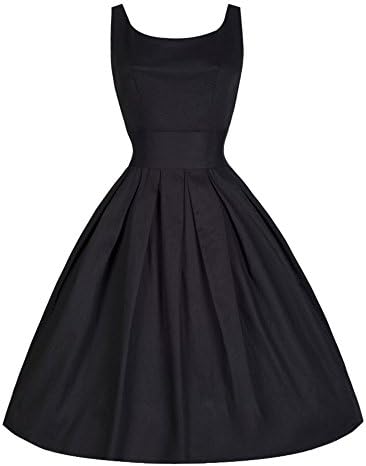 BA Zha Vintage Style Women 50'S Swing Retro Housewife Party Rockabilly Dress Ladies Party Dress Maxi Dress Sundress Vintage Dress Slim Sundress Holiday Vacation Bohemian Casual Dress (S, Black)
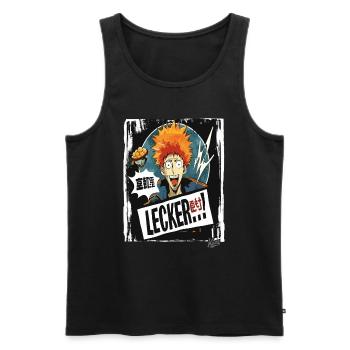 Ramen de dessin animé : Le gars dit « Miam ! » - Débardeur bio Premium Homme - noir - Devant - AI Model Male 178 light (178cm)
---
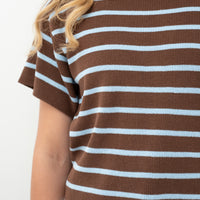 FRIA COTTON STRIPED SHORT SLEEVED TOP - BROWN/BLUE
---
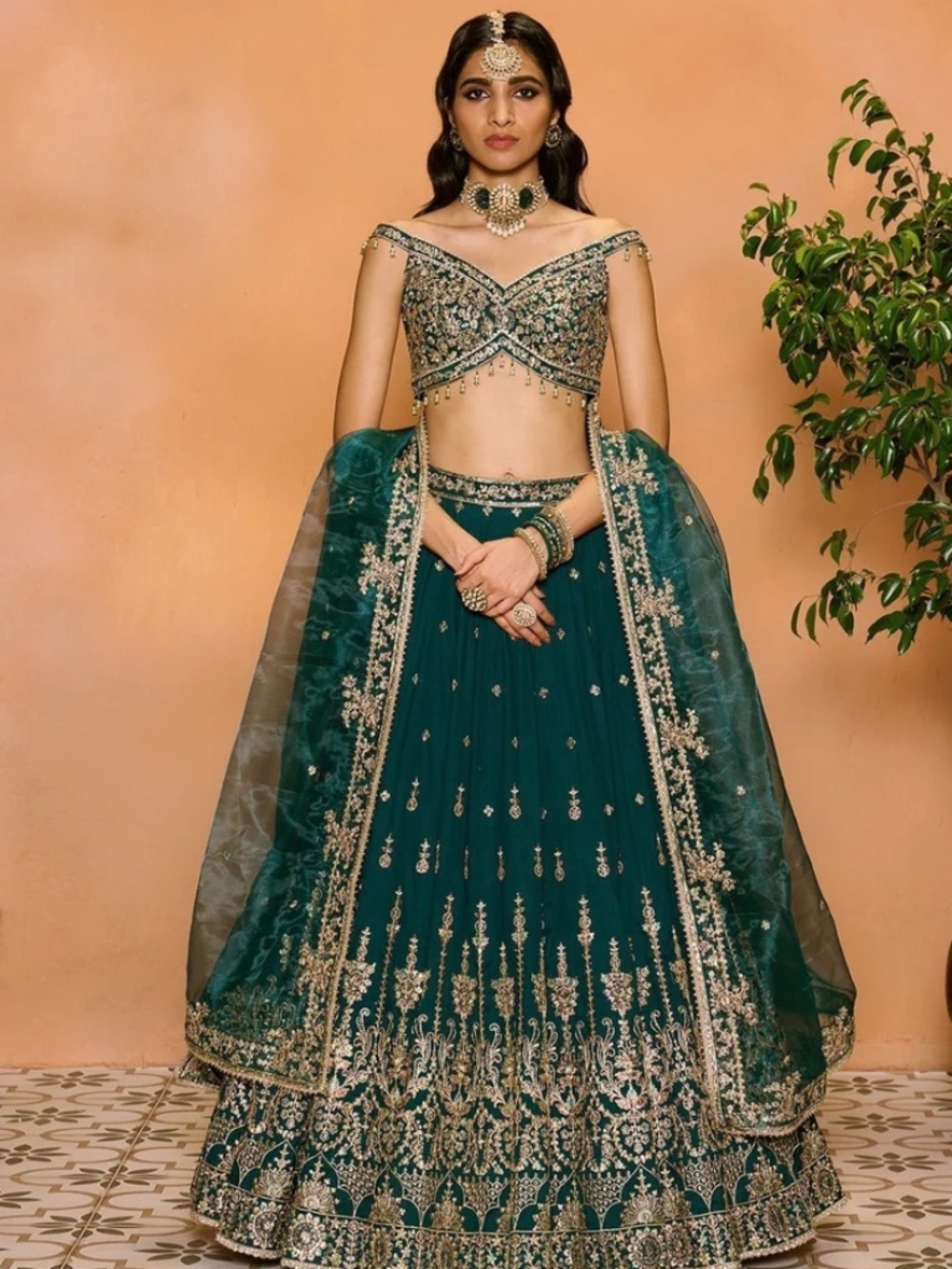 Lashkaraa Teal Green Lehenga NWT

[Work request] Looking at the listing above, which lines run from the one containing "BA Zha Vintage" through the one containing "Ramen de dessin"? Print exactly those, ends included, pictures excluded.

[Result below]
 BA Zha Vintage Style Women 50'S Swing Retro Housewife Party Rockabilly Dress Ladies Party Dress Maxi Dress Sundress Vintage Dress Slim Sundress Holiday Vacation Bohemian Casual Dress (S, Black)
 Ramen de dessin animé : Le gars dit « Miam ! » - Débardeur bio Premium Homme - noir - Devant - AI Model Male 178 light (178cm)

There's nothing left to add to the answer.